[Captioned web images]
· · · · · · ·

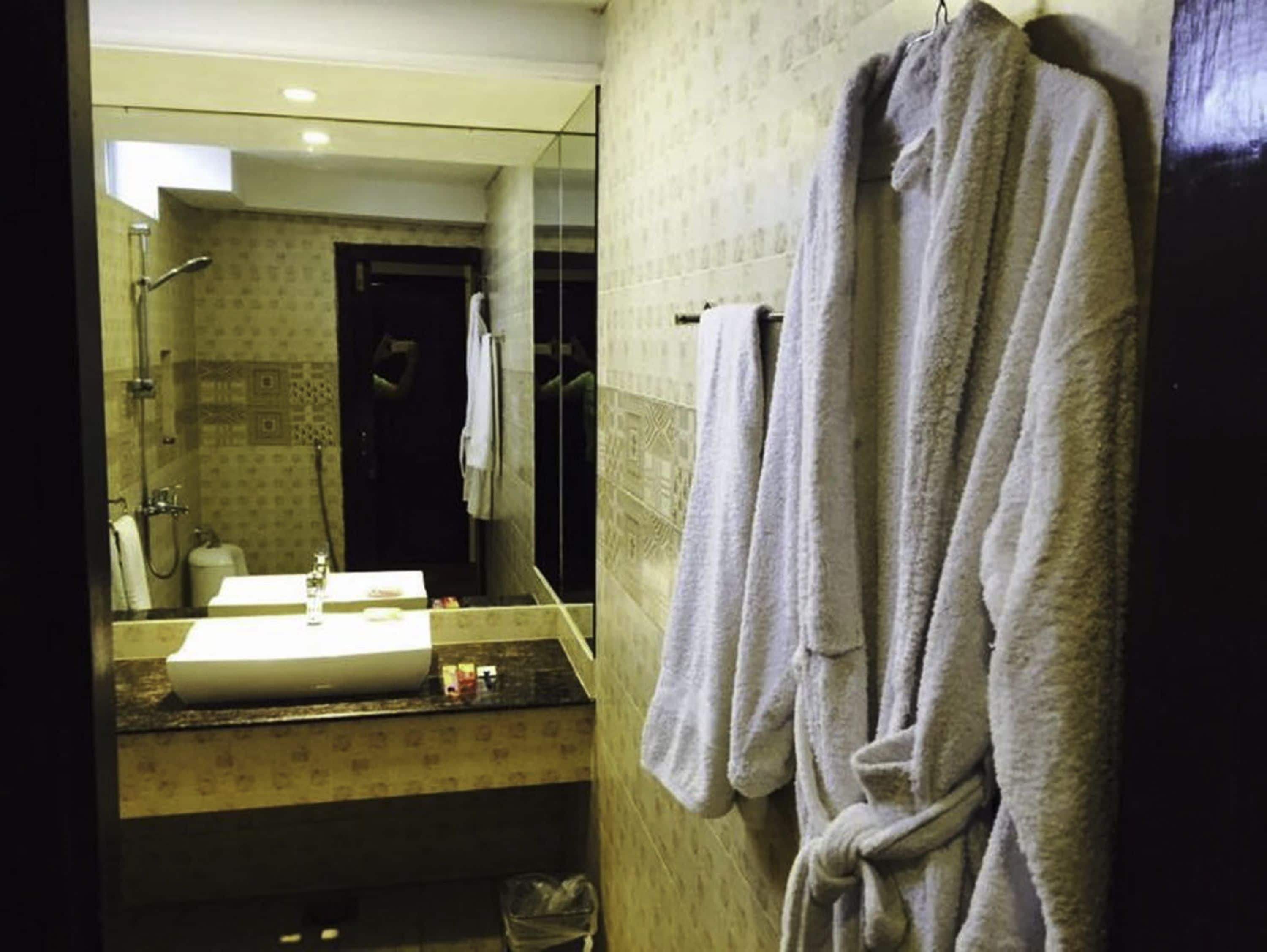 shower, free toiletries, slippers, towels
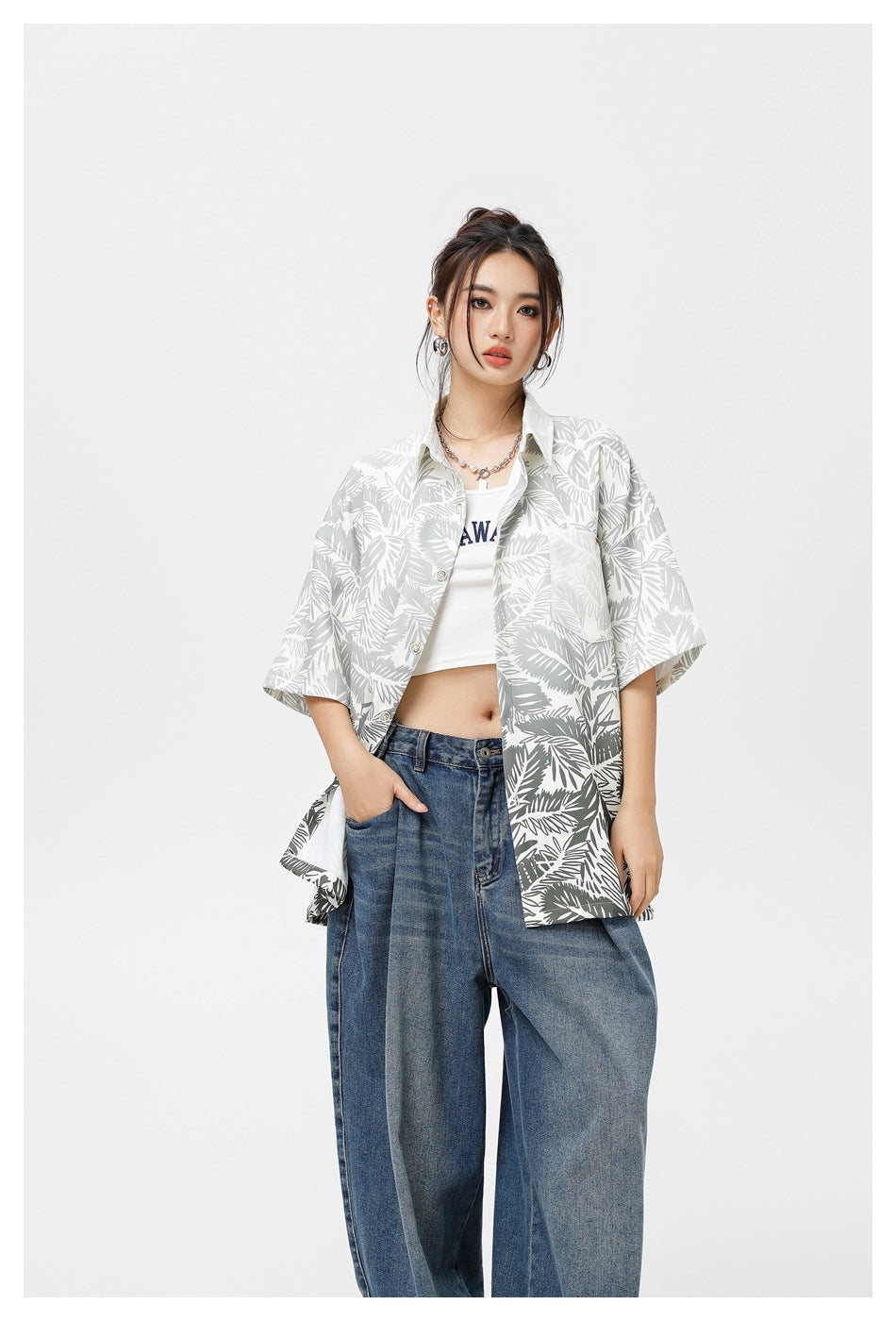 Woman wearing the gray leaf-print short-sleeve shirt open over a white crop top and wide-leg jeans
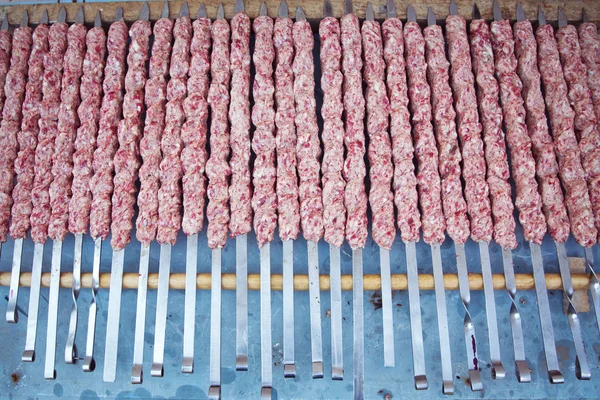 Lula kebab na špejlích, tradiční kavkazské jídlo, zblízka. Apetizující Lulu kebab na kovové špíze. Vaření masa. — Stock fotografie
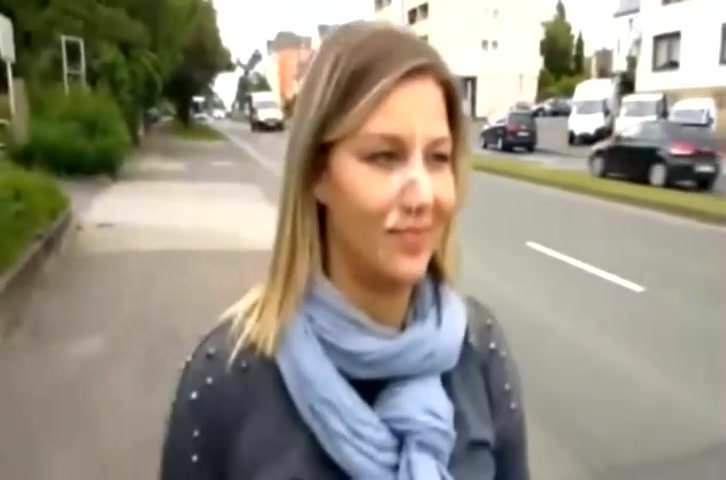 Blonde woman walking by the road with a cumshot on her face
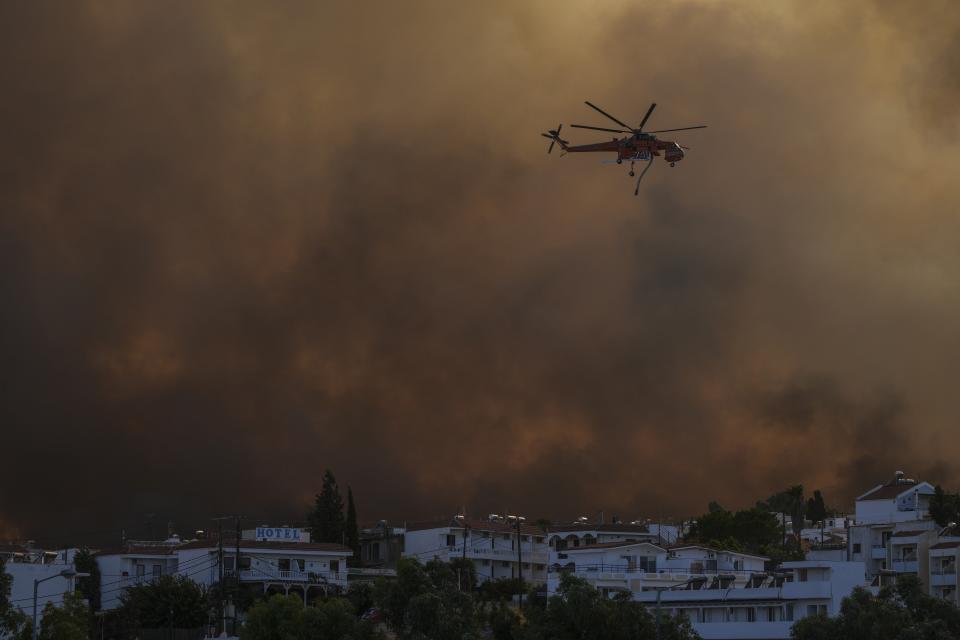 An helicopter operates over a wildfire burning in Gennadi village, on the Aegean Sea island of Rhodes, southeastern Greece, on Tuesday, July 25, 2023. A firefighting plane has crashed in southern Greece, killing both crew members, as authorities are battling fires across the country amid a return of heat wave temperatures. (AP Photo/Petros Giannakouris)
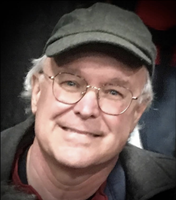 A closeup of Jeff with a dark background. He has light skin and short, white hair, and wears a dark cap, wire-rimmed glasses, and a dark jacket with a shirt collar visible underneath.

· · · · · · ·

### The problem
Please set down exactly the lines from the first line of the data above through the line with "An helicopter operates", both included, leaving out the pictures.

### Output of the task
 shower, free toiletries, slippers, towels
 Woman wearing the gray leaf-print short-sleeve shirt open over a white crop top and wide-leg jeans
 Lula kebab na špejlích, tradiční kavkazské jídlo, zblízka. Apetizující Lulu kebab na kovové špíze. Vaření masa. — Stock fotografie
 Blonde woman walking by the road with a cumshot on her face
 An helicopter operates over a wildfire burning in Gennadi village, on the Aegean Sea island of Rhodes, southeastern Greece, on Tuesday, July 25, 2023. A firefighting plane has crashed in southern Greece, killing both crew members, as authorities are battling fires across the country amid a return of heat wave temperatures. (AP Photo/Petros Giannakouris)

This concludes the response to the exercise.